▶ Exercise objective: Nothing but the text belongs in the answer: the listing below, copied exactly, without pictures.

Start of Available data

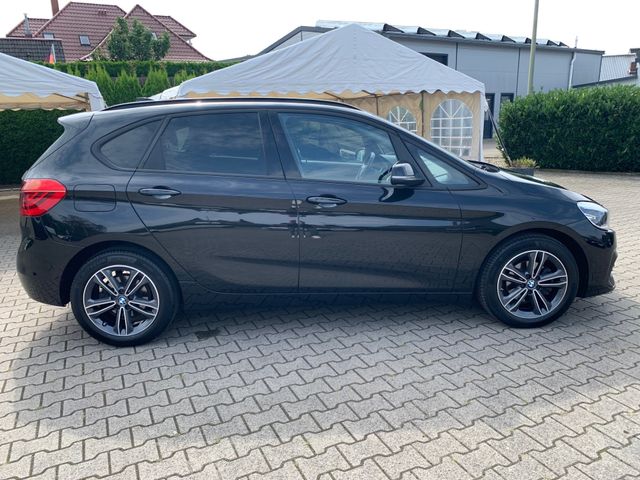 Fahrzeugabbildung BMW 218i Active Tourer Sport Line+LED+HiFi+Leder+DAB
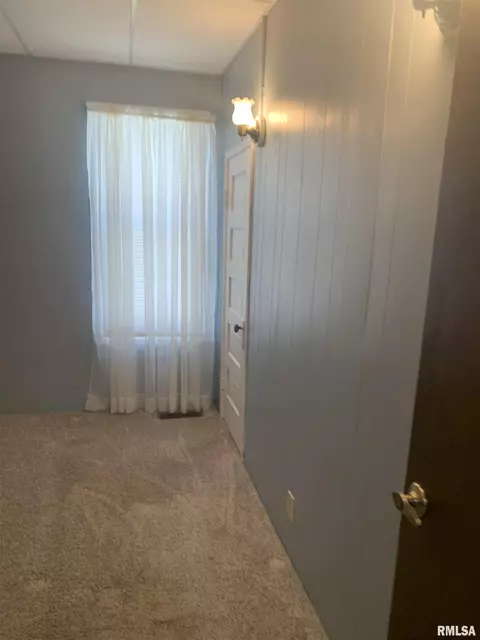 Other - 519 E Davis St, Bushnell, IL 61422 photo 4 of 5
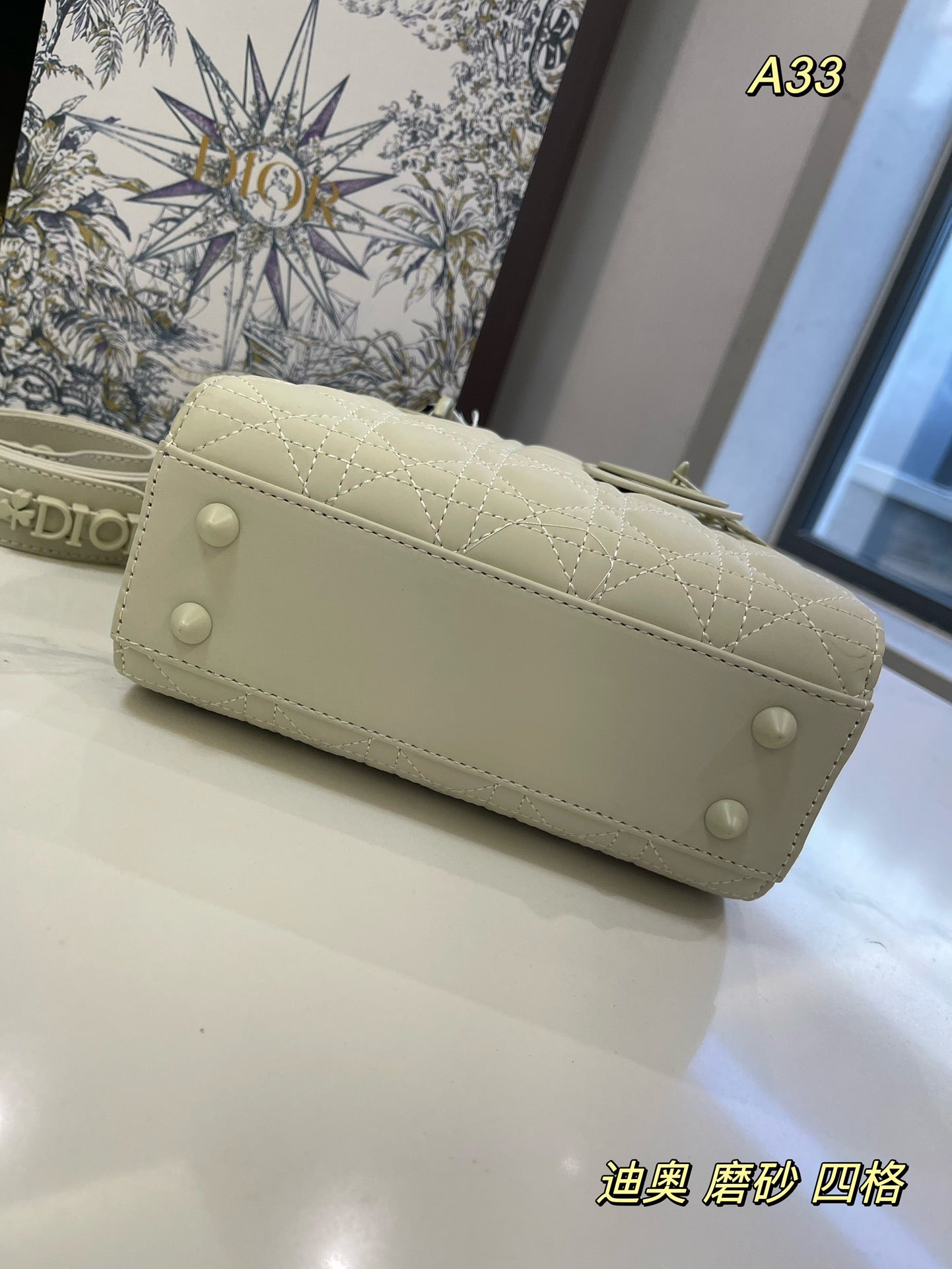 DIOR-537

End of Available data

▶ Response area:
 Fahrzeugabbildung BMW 218i Active Tourer Sport Line+LED+HiFi+Leder+DAB
 Other - 519 E Davis St, Bushnell, IL 61422 photo 4 of 5
 DIOR-537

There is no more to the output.